Try it | Once you find the line with "#bbverpj #tonliewmtp" in the entries below, return exactly every line from it through the line with "#SiamCenterBIFW2026 https://t.co/f58yzgHVth".

-- Recorded information follows --

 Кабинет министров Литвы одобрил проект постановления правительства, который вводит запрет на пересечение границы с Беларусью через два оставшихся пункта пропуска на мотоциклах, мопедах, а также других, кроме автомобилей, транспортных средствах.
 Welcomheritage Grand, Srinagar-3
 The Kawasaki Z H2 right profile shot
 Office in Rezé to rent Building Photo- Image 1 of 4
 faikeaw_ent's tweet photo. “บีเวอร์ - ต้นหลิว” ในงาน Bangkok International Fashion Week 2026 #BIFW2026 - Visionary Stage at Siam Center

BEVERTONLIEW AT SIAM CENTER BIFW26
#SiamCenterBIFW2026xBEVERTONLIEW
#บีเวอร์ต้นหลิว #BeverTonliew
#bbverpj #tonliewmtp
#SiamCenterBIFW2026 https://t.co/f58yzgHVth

-- Recorded information concluded --
-- Recorded information follows --

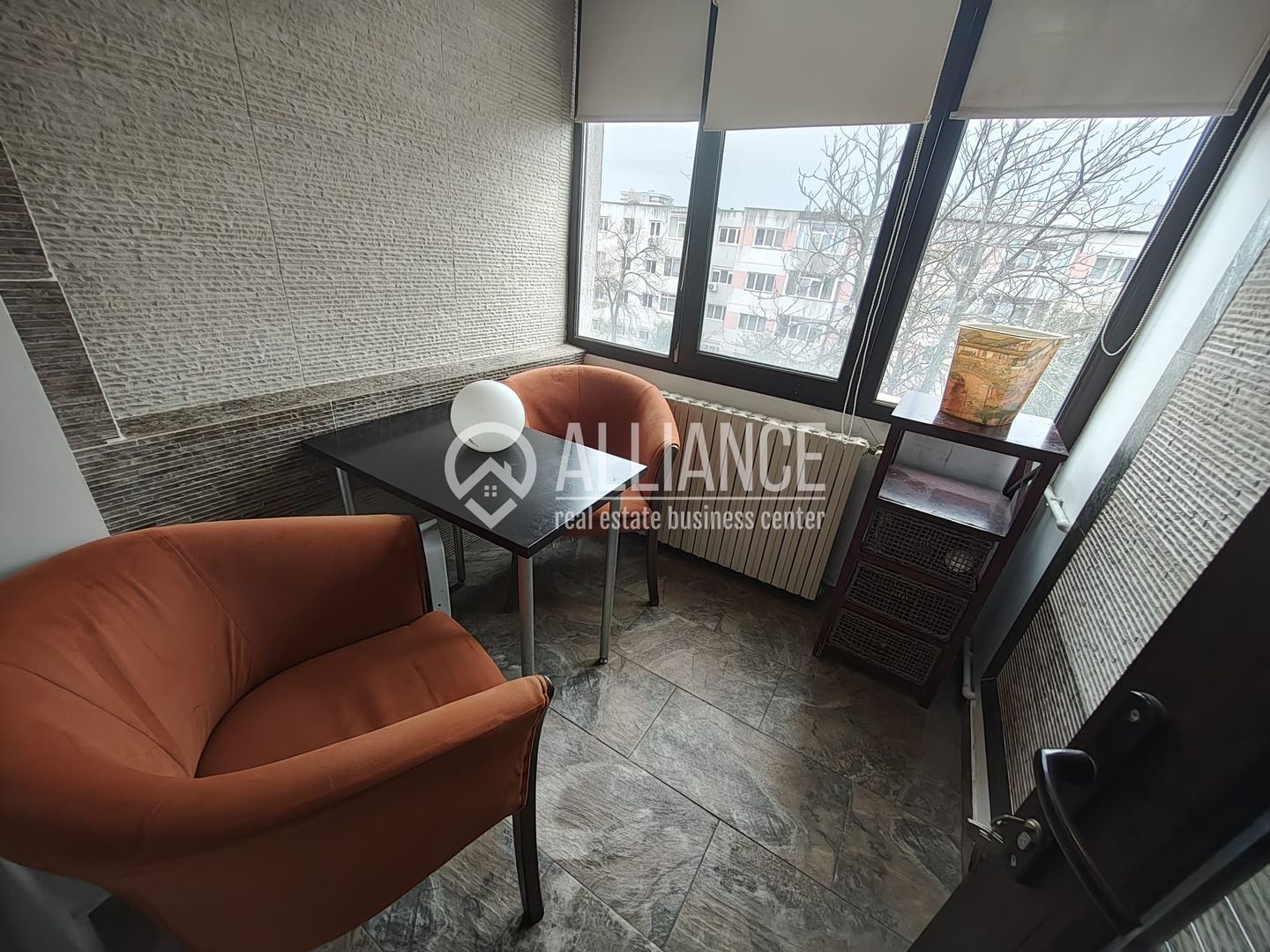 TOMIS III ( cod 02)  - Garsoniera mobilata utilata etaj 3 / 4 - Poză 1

-- Recorded information concluded --

Exercise output |
#bbverpj #tonliewmtp
#SiamCenterBIFW2026 https://t.co/f58yzgHVth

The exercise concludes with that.